I would also pay attention to her mood. If she seems to be getting more depressed, or even staying blue, you may want to talk to someone close to her to suggest that she may need help herself. Baby Blues are common and often lift after a short while. But if it persists, it can manifest into Postpartum Depression, which is far more significant.
My girlfriend is cheating on me. I’m convinced! But when I ask her, she tells me I’m crazy. I’ve asked her friends and family, and they all respond with shock. But I think they are all lying to cover for her.
She gets dressed up really pretty every day and leaves for work. I work from home and stay in my pyjamas. When she gets home, she’s full of stories of people in her office. At night, she often goes out with girlfriends, or so she says.
How do I get her to admit the truth?
I think you need to get out of the house, and take your girlfriend out on a date. I’m hoping that your girlfriend, her friends and family are telling you the truth, and that you are just wallowing in your own unfounded suspicions.
On the flip side, if you are right, you will also have a better idea once you leave the house. My concern is that you sound paranoid because you stay home all the time, out of touch with what is going on beyond your walls.
I also think you need to talk to a professional.

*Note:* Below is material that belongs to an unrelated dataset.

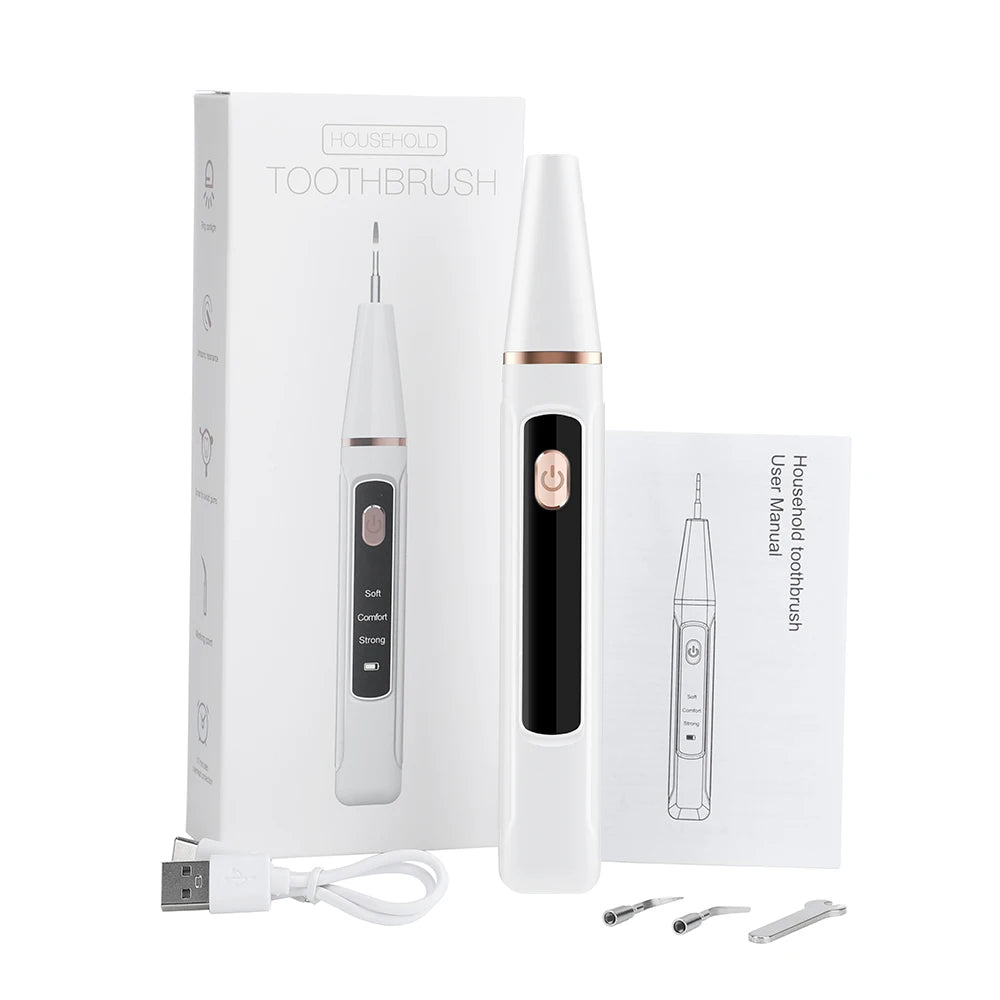 Ultrasonic Oral Care Wand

FEEDBACK Regarding the little girl who fainted at the sight of her friend’s nosebleed (May 23):
Reader – “I was surprised at your response to the mother whose daughter was squeamish and refused to come out of her bedroom when she had a guest. You made no mention of how the mother allowed her daughter to get away with this behaviour. Nine is definitely old enough to realize that it is rude to stay in your bedroom and ignore your friend who is there for a sleepover. The focus should not be on the other family’s behaviour but on the daughter.”
Lisi – Interesting perspective, but not mine. I don’t think the little girl was being rude. I understood she was embarrassed, and suffering. I don’t think the mother was letting her daughter “get away” with anything. She was sensitive to her situation.